Diary of a model
Lily spends her days as a model, rushing from shoot to show and then to another casting. On Amayzine, she tells you everything about what her life is really like. Under a different name, of course, but that means she can share all the juicy details. This week, Lily pees wildly, very wildly.
No, no, I'm not talking about how I pee, but about where I pee. Or actually: where I have peed. I won't describe the toilet of every studio, because that would take me a while. But when you have to shoot on location, it can sometimes happen that it's hard to find a toilet. And what do you do when there's no toilet to be found? Exactly: you go on an adventure.
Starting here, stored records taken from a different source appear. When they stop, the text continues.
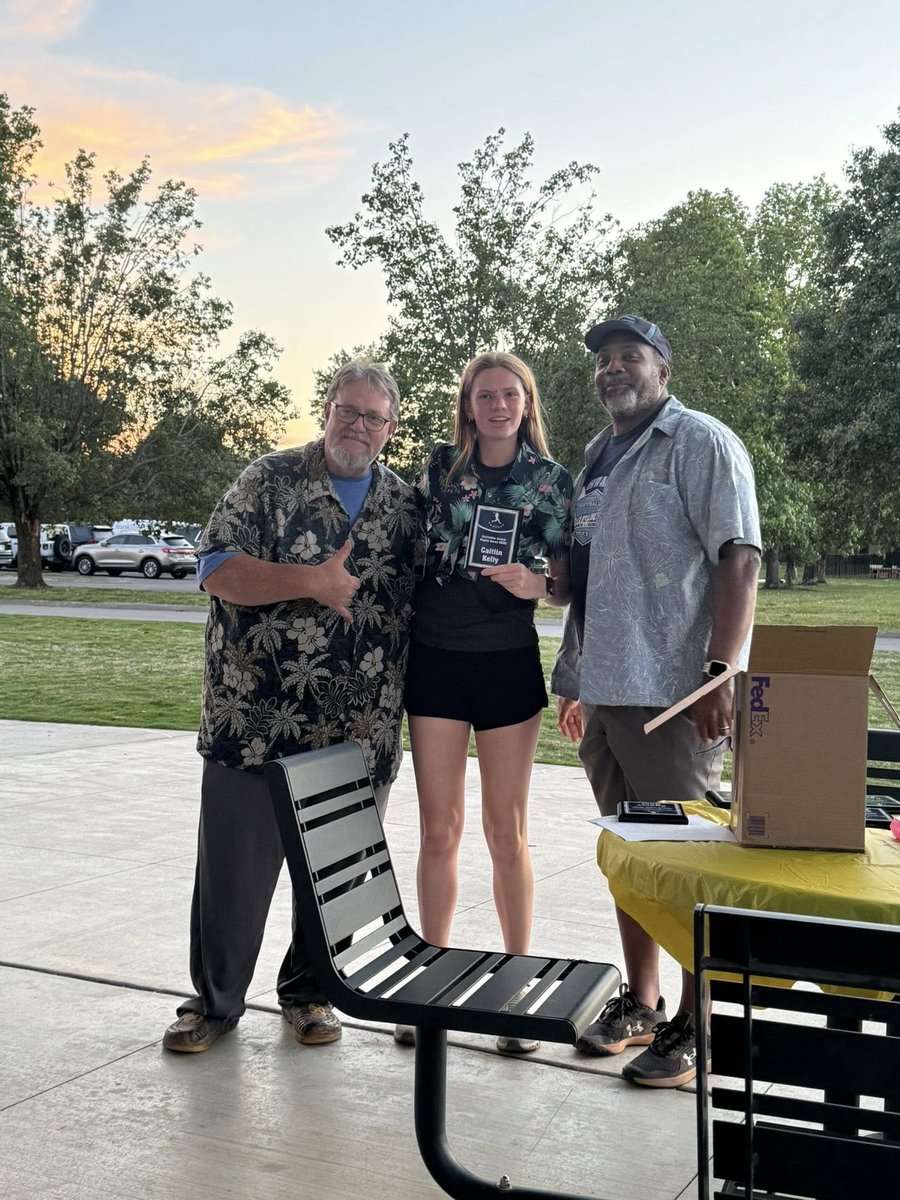 CaitlinKelly_0's tweet photo. We had our Grove Softball banquet this week to cap off 4 years for middle school softball. Even though I started the year as the starting catcher, I played wherever asked. I won the Outfielder and Hitter award for my play on the field. https://t.co/10n1CcXyFb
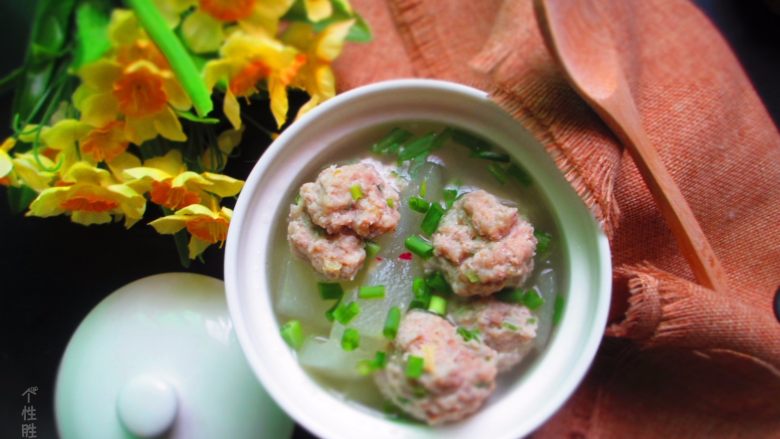 肉丸冬瓜汤—夏日清爽靓汤,清淡解馋,和适合减肥的MM喝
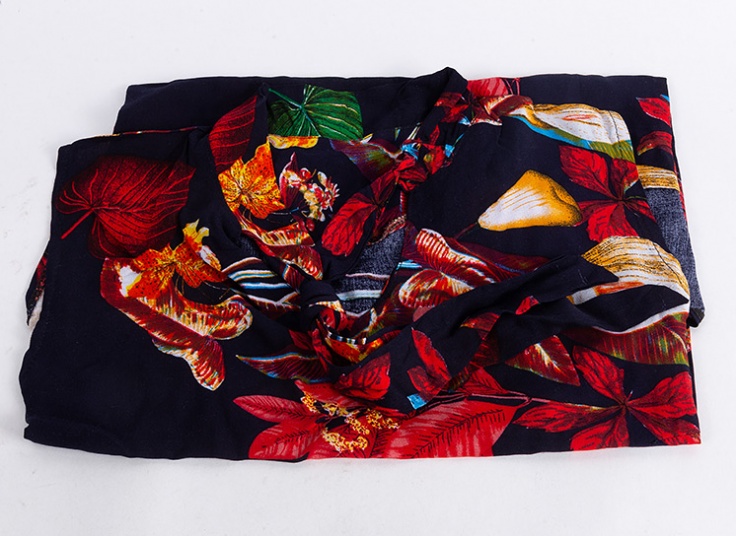 تاپ یقه گره‌ای نخی طرحدار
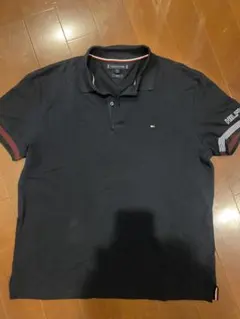 Tommy Hilfiger紺色ポロシャツ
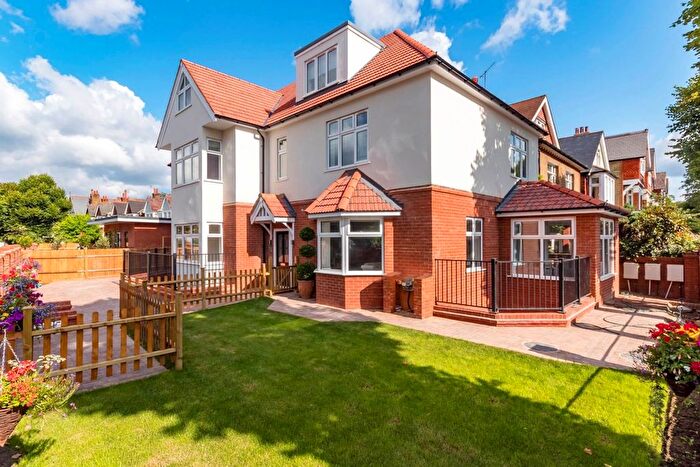 1 Bedroom Flat To Rent In Waldeck Road, Ealing, W13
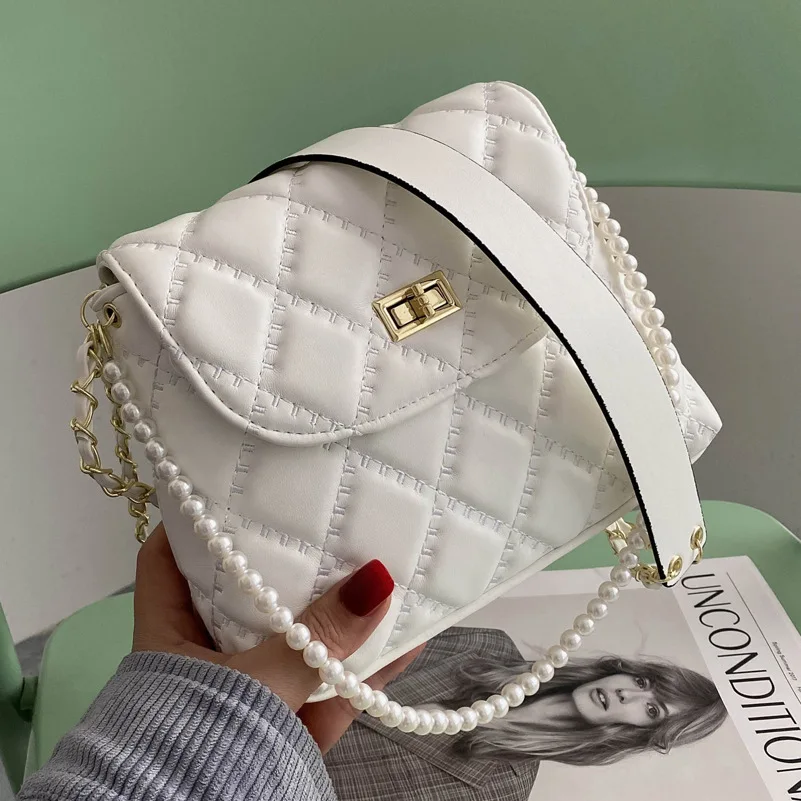 

Сумка для женщин 2021 популярная ромбовидная сумка на цепочке с жемчугом вместительная универсальная сумка-мессенджер из искусственной кожи...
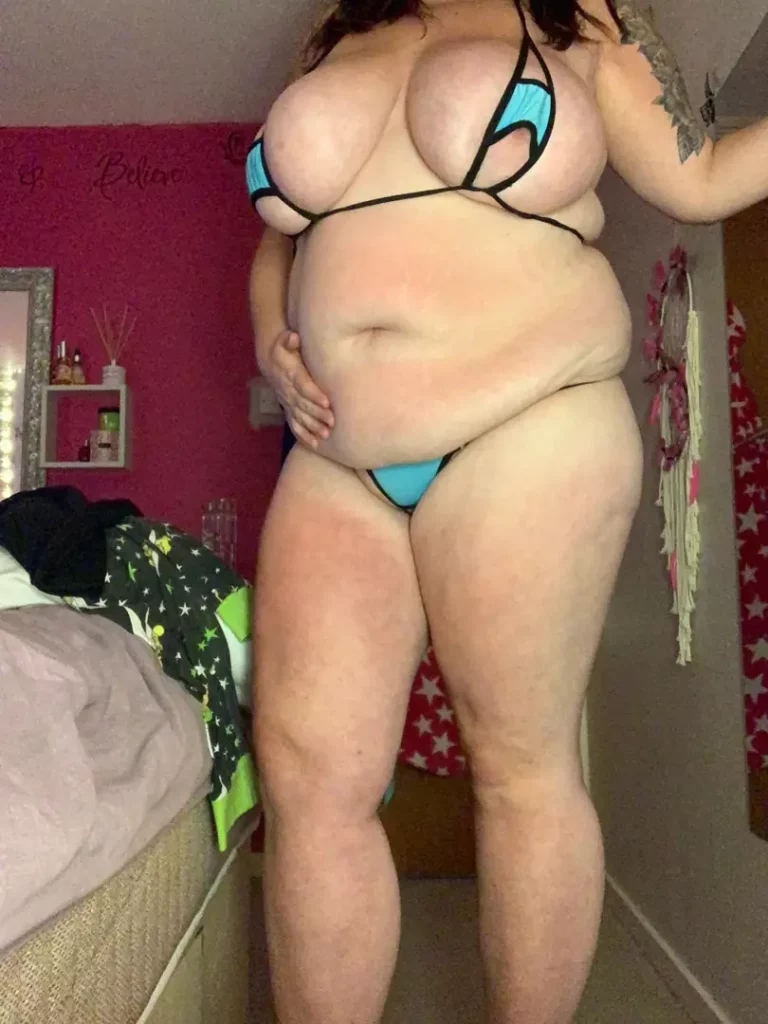My Incredibly Sexy Body In This Tiny Bikini Has You Rock Hard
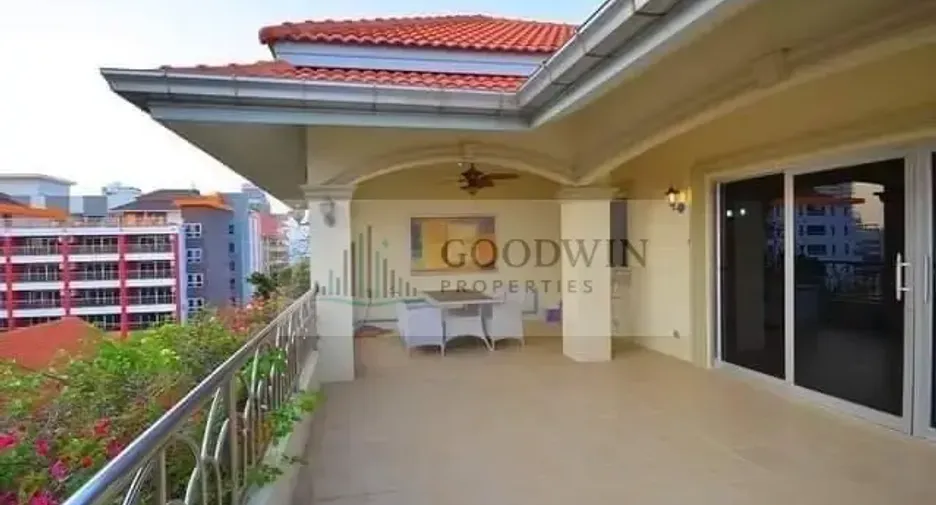 For sale 3 ベッドルーム condo in Pratumnak, Pattaya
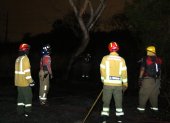 Incendio forestal en la avenida del Bombero con sentido hacia Vía a la Costa.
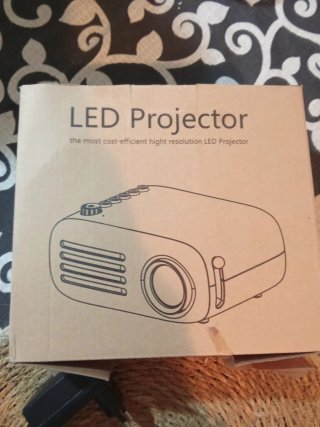 Mini Proyector Portátil Elephas YG200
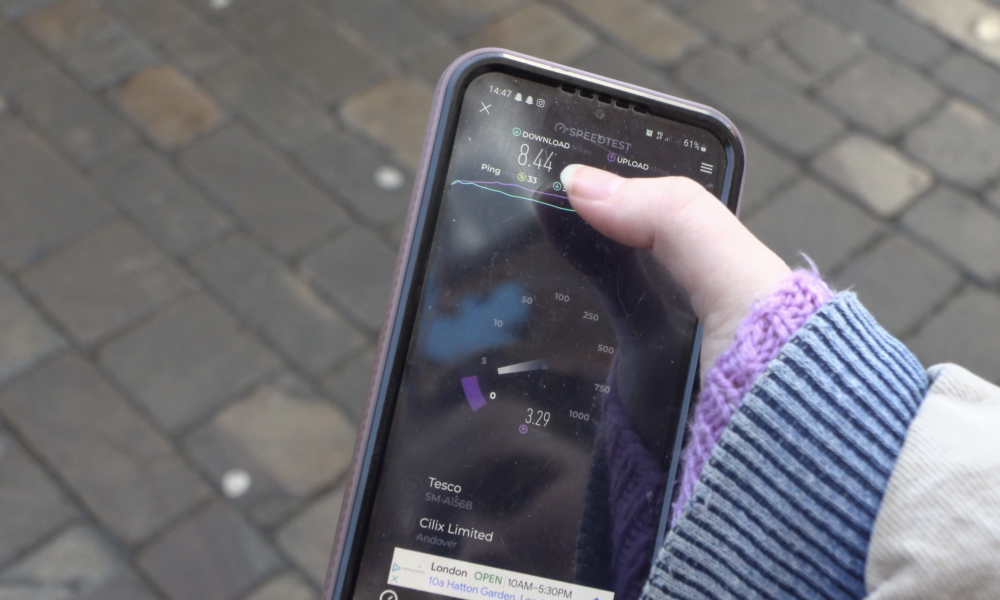 Mobile app speed tester showing poor network speeds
The construction worker's hut
Sometimes you have the ‘luck’ that there is construction happening right near the shoot location. I had that once in Barcelona. I was shooting an editorial in the most beautiful princess dresses you can imagine. I was wearing a stunning Elie Saab dress when I suddenly felt my bladder. It feels a bit like being in elementary school when you ask if you can go to the toilet, but just running away in an expensive dress isn't an option either. Anyway, together with the stylist, I went looking for a place to pee. The stinky construction worker's spot was my salvation. Those guys were laughing, but I can imagine it’s a strange sight to see a model in a long dress walk into an eco-toilet. And believe me when I say it’s not easy to not let part of the dress fall into the hole.
Bell ringing
When you're shooting on the street, it's not always easy to find a toilet either. If there are no cafes nearby and you'd rather not squat between two cars, your only hope is to ring the doorbell of a random house. Luckily, there are sometimes kind people at home who find it a funny story for later that a girl with bright red eyeliner and teased hair used their toilet.
Don’t eat the yellow snow
A slope doesn't always provide the cover you'd want, but desperate times call for desperate measures. When I really couldn't hold it anymore between two shots, I just knelt behind a rock (hoping that no off-piste daredevils would come by). Strangely enough, it was very easy, because such a slope provides the perfect wild pee spot and support (TIP!).
Just go behind that container
With only one shot left, no one wants to stop. So when I asked if I could go to the toilet (a two-minute drive from the location), the answer was: ‘Just go behind that container.’ Not only did I find this quite disrespectful, but I was also on my period. So the container option was not for me. When I insisted again that I really wanted to be taken to the toilet and the (male) photographer said again that behind the container would be fine, I got angry. ‘Well, I’m on my period and I need to go to the toilet NOW or things will go WRONG.’ Oh, I should have taken a picture of his face. With a blush on his cheeks, he mumbled that he could wait with the last shot and that I ‘could’ go to the toilet. Thanks, dude!
I'm really not averse to peeing in nature, but sometimes it leads to tricky, awkward situations. The best solution is to just laugh it off with the team or anonymously write a piece about it, so that more people can enjoy the humiliation.